In this case, the flow of operations looks like this: (1) Select a synthetic target, (2) search the literature for the compound, (3) retrosynthetic analysis, (4) select reaction conditions, (5) estimate feasibility, (6) formulate a recipe for the hardware to follow, (7) configure the platform for that recipe, (8) test run of the process, (9) scaleup of the synthesis in flow, and there’s your product. But as the paper notes, there are still several of these stages that need human input, as you can certainly imagine if you’ve ever done organic synthesis, done any flow chemistry, or worked with automation of any kind at all. One of the good things about this work, actually, is the job it does highlighting just the areas that turned out to need the most human help as they got this system into shape.
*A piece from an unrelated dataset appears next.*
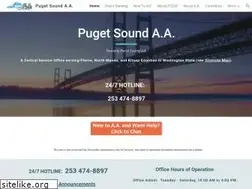 Sites similar to pugetsoundaa.org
The MIT group has been working on their own retrosynthesis software (ASKCOS), and they give some details of it here. The system was trained on millions of reactions abstracted from both Reaxys and the USPTO database, so it’s seen plenty of organic chemistry. For example, out of the 12.5 million or so single-step reactions to be found in Reaxys, the system is set to pay attention only to those with ten or more examples, which knocks things down to about 160,000 “rules” for valid single-step transformations. They then trained a neural network to try to predict which of these rules would be most applicable to a given new target structure – this step was put in to decrease the computational load in the next step and also to try to increase that step’s success rate.
Each proposed retrosynthesis step first gets a binary filter applied to it: are there any conditions that the program knows about that could generate the desired product from the stated reactants? Getting rid of stuff at that stage saves a lot of pointless calculation. Then if the answer is “yes”, the program turns its attention to the hits, and the proposed reaction sequences are evaluated by a more computationally intensive foreward-prediction model, which is trained up on the most synthetically plausible conditions for each transformation. If that result matches up, the route is considered believable.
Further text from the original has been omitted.